Nihayet Birinci Dünya Savaşı patladı…
Savaş sürecinde Filistin’i işgal eden İngiltere, derhal askerî bir idare kurdu. Bu dönemde:
* Yahudi muhacereti (göçü) teşvik edildi…
* Cebren ve hile ile Yahudilerin toprak sahibi olmaları sağlandı...
* Yahudilerin silah taşımalarına izin verildi…
* “Kültür Dernekleri” adı altında, Yahudilerin organize hale gelmesi temin edildi...
* 6 Temmuz 1921’de İngiltere’nin Filistin'deki hâkimiyetinin devamlı olacağı ilan edildi.
* 24 Temmuz 1922’de Cemiyeti Akvam (Birleşmiş Milletler Teşkilâtı), bu kararı onayladı...
Anlaşılacağı gibi, İngilizlerin Filistin'i işgal etmelerinin bir amacı da dünyanın değişik ülkelerinde dağınık olarak yaşayan Yahudileri Filistin’de toplamaktı.
Ortadoğu’daki zengin kaynakları İsrail vasıtasıyla kontrol etmekti (diğer İngiliz miraslarıyla birlikte bu miras da Amerika’ya intikal etmiş gözüküyor)…

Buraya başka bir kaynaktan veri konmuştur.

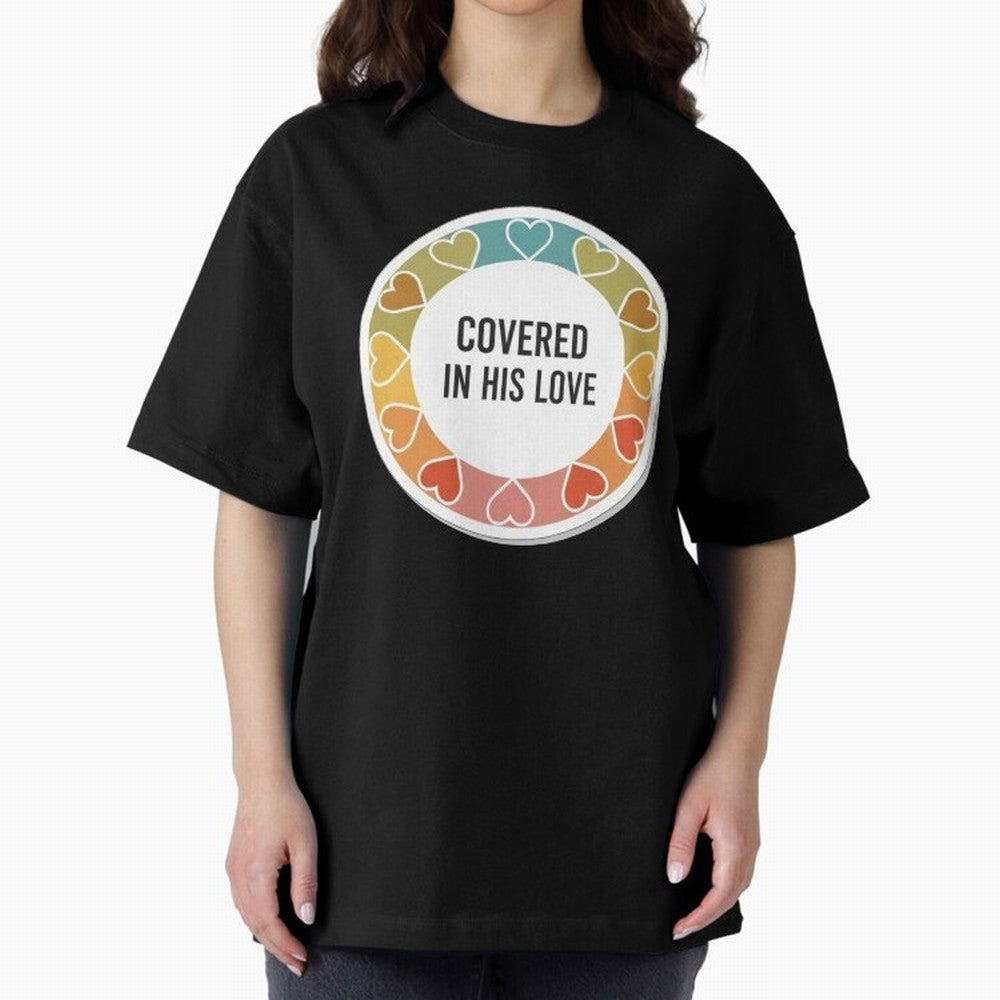 Covered in His Love Christian Encouragement Sticker Oversized T-Shirt Honor Football Greatness during Global Football Passion for FIFA World Cup 2026 USA Canada Mexico, Inspired by CR7, England, Supporter Pride, Iconic Celebrations, Legendary Names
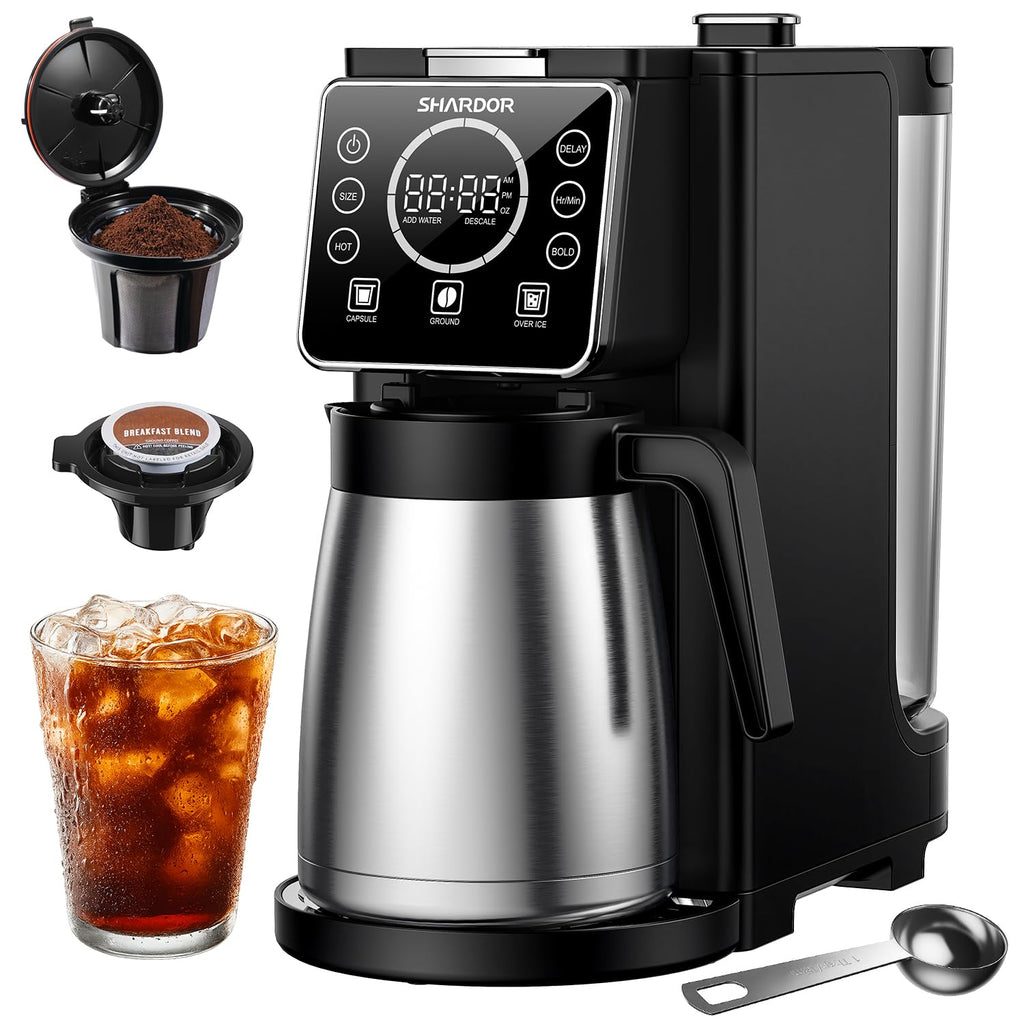 Single Serve Coffee Maker with Thermal Carafe, Matte Black U33786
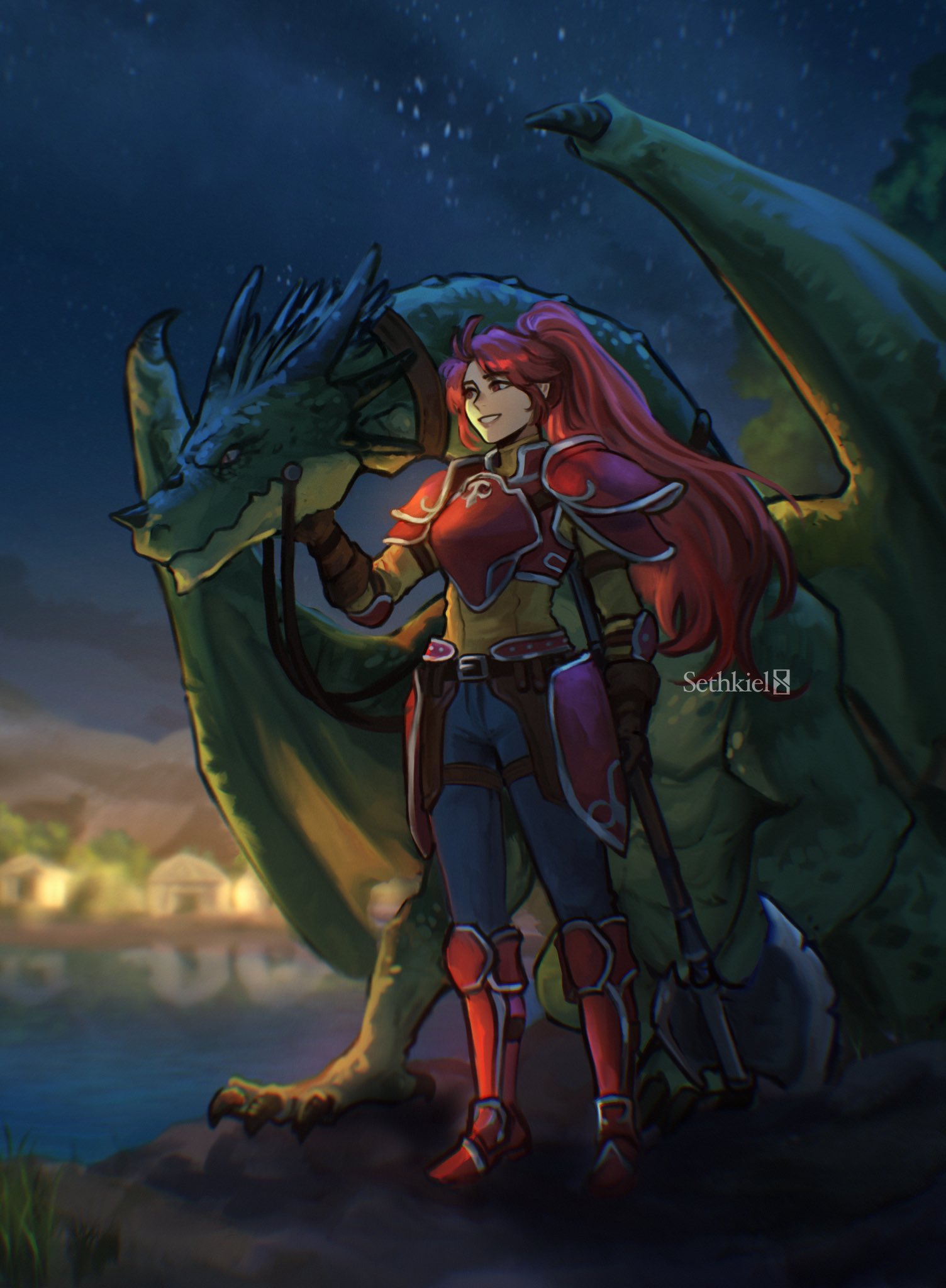 1girl armor armored_boots artist_name axe belt belt_buckle boots breastplate buckle commission dragon english_commentary fire_emblem fire_emblem:_path_of_radiance fire_emblem:_radiant_dawn full_body gloves highres holding holding_axe jill_(fire_emblem) night outdoors pants ponytail red_eyes red_hair sethkiel smile solo standing water watermark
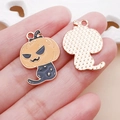 Detail of Halloween enamel black cat and pumpkin charm for DIY jewelry making - 1 Piece/Pack (24x18mm)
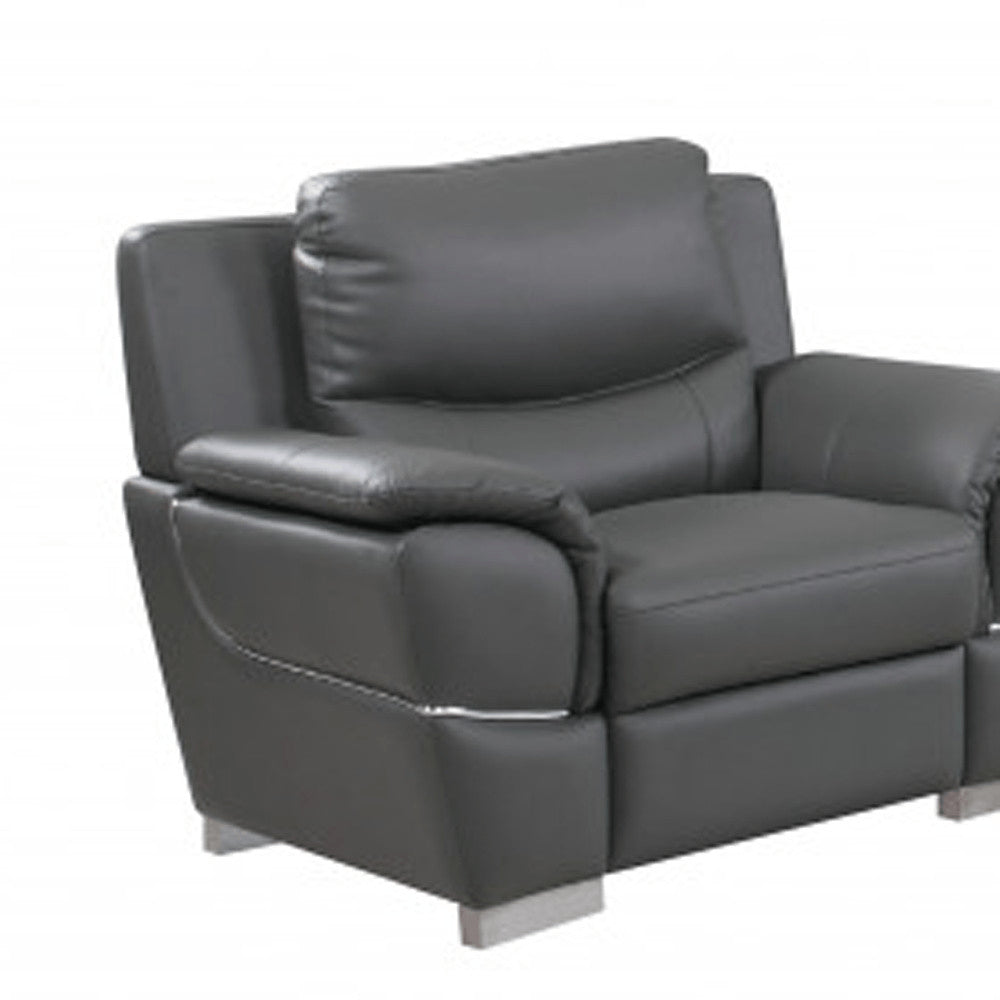 Three Piece Indoor Gray Genuine Leather Six Person Seating Set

Bu amaçla Yahudileri Filistin’de mülk sahibi etmeye çalışıyorlardı.
Koydukları ağır vergileri ödeyemeyen fakir Filistinlilerin elindeki toprakları alıyor, Yahudi göçmenlere peşkeş çekiyorlardı.

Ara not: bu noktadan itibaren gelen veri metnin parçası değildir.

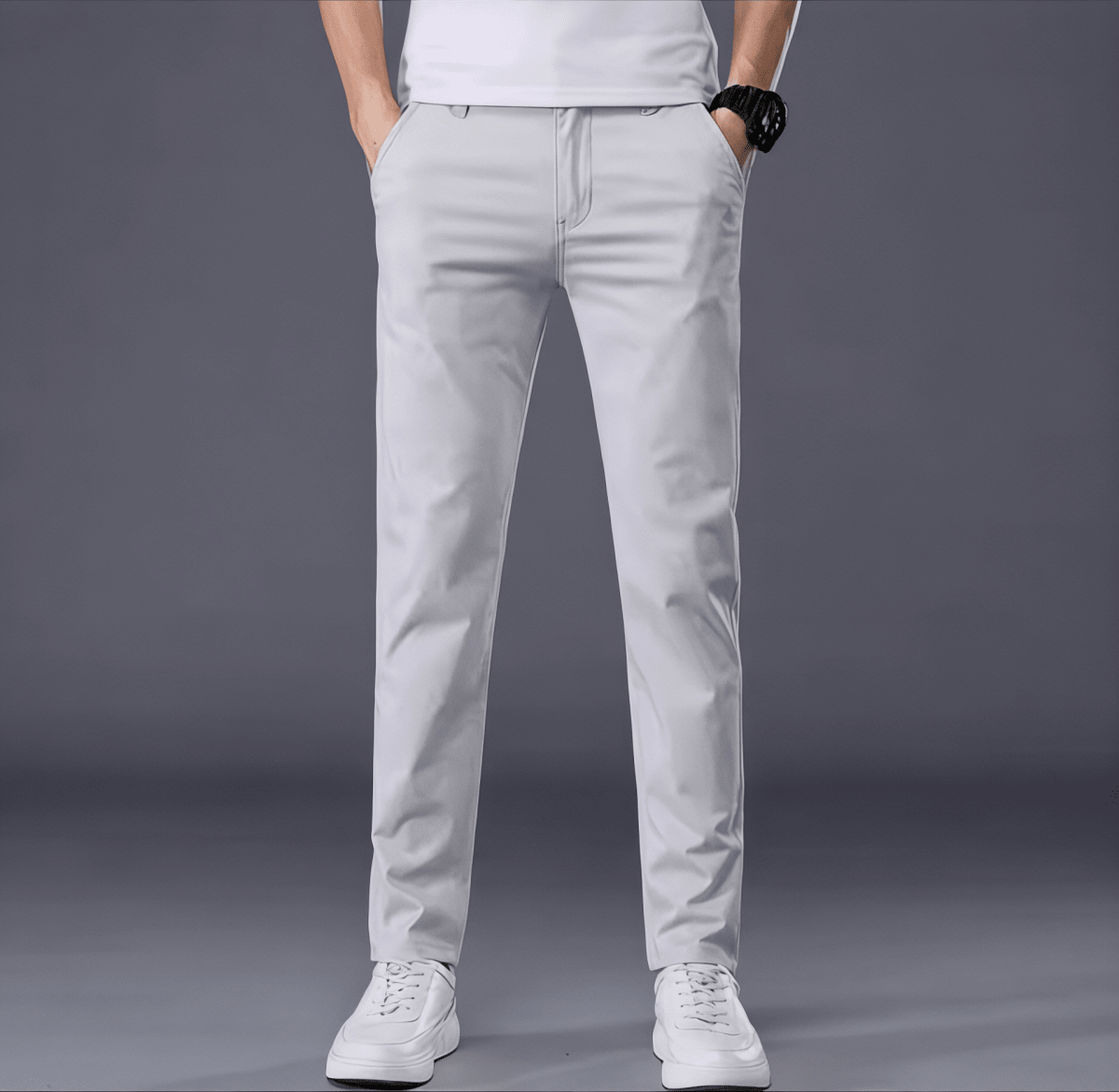 Casual outfit set light gray + white (T-shirt+pants) - Antonios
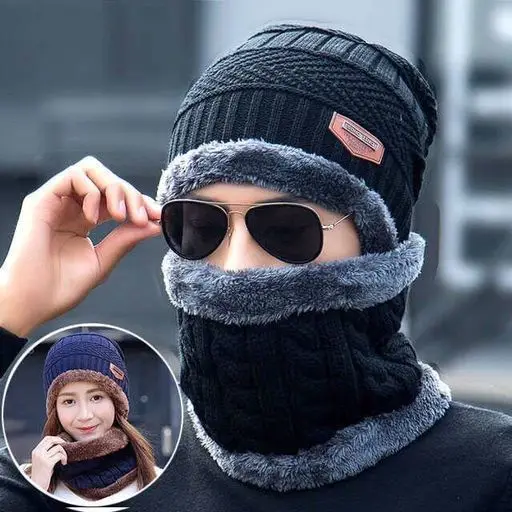 Hat: Men\'s Winter Knitted Woolen Hat With Pile Thickened Warmth And Cold Cycling Women\'s Cotton Hat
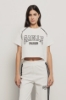 T shirt crop paricollo raglan con inserti profilo • Bianco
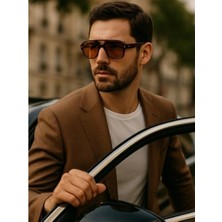 Marsilyan Tomy Unisex Kahverengi Çerçeveli Erkek Güneş Gözlüğü – UV400 Korumalı, Retro Stil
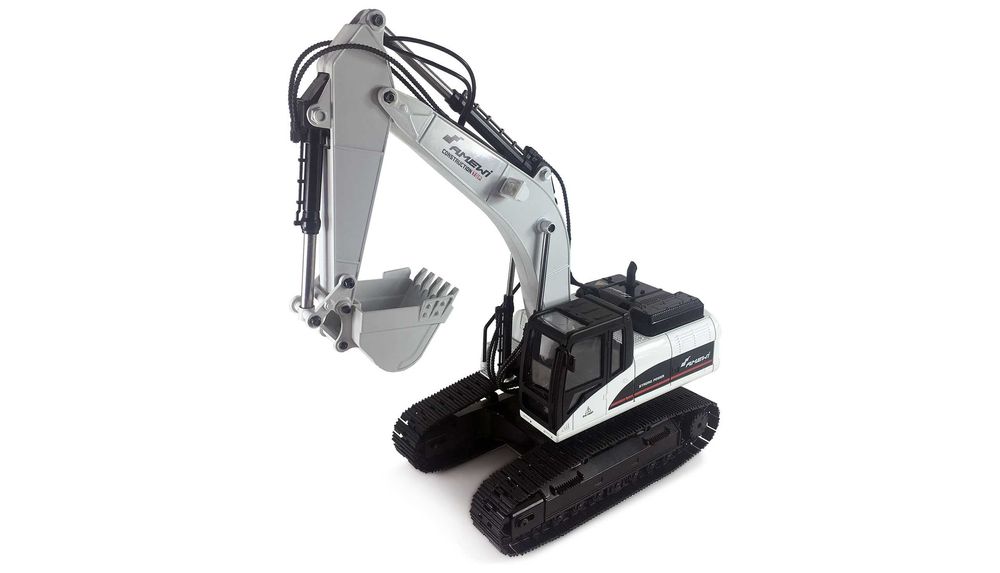 Huina 1580 V4 - RC Escavadora versão 4 em Metal - Branco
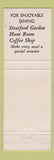Matchbook Cover - Bellevue Stratford Hotel Philadelphia PA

Buna rağmen, 1948'de Filistin’de Yahudi Devleti kurulduğunda, Yahudilerin sahip oldukları toprakların yüzölçümü 2 milyon dönümü geçmiyordu.

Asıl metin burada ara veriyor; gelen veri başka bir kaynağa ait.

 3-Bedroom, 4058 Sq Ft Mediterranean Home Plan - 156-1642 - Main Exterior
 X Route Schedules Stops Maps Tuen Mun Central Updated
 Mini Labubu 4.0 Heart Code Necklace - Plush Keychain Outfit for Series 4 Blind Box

Bu ise tüm Filistin'in yalnızca yüzde 7'sine tekabül ediyordu.
Bunun 650 bin dönümünü Osmanlı hâkimiyeti döneminde (Kanuni zamanından başlayarak) edinmişlerdi (çoğunu Kanuni, Jozef Nassi isimli Yahudiye bağışlamıştı).
Asıl büyük parçayı, İttihat ve Terakki yönetiminin sağladığı kolaylıklar sayesinde elde ettiler.
300 bin dönümü ise İngiliz yönetimi bağışladı.
200 bin dönüm civarında bir araziyi de, yine İngilizler, sembolik fiyatlarla Yahudilere sattılar.
Araplardan satın aldıkları arazi miktarı, taş çatlasa 600 bin dönümü geçmez: Onu da Lübnan ve Suriye'de yaşayan Filistin kökenli Araplardan satın aldılar.
Yani, Filistinlilerin paraya tamah ederek Filistin’i Yahudilere sattıkları şeklindeki geleneksel iddia doğru değildir.
Filistinlilerden Yahudilerin çeşitli yollarla satın aldıkları toplam arazi miktarı, Yahudilerin 1948'e kadar ellerine geçirdikleri tüm Filistin topraklarının sadece binde 9'unu teşkil etmektedir.
Bu şu demektir: Filistin halkının en az yüzde 99'u göçmen Yahudilere arazi satmama konusunda direnmiştir.
Şu halde, Filistinlilerin Yahudilere toprak sattığı iddiası iftiradan ibarettir!
Yahudi göçünü teşvik eden uluslararası etkin örgütlerin bütün teşviklerine, cazip fiyat tekliflerine rağmen, 30 yıl içinde satılan toplam arazi miktarı binde dokuzda kalmışsa, Filistin halkının bu konudaki duyarlılığını ve kararlılığını tebrik etmek gerekiyor.
Kısacası, bu konuda da kandırılmış, aldatılmış, aşağılık bir iftiraya ortak edilmiş durumdayız.
Ama hiç değilse bundan sonra yanlış kanaatimizi düzeltebilir, mazlum Filistin halkına iftira atanların safından ayrılabiliriz…
“Sağır Sultan”lar için bir kez daha söylüyorum: Filistin halkının, yüksek paraya tamah ederek vatanlarını Yahudi göçmenlere sattıkları iddiası iftiradan ibarettir!..
Mavi Marmara olayından sonra bunları paylaşmak istedim.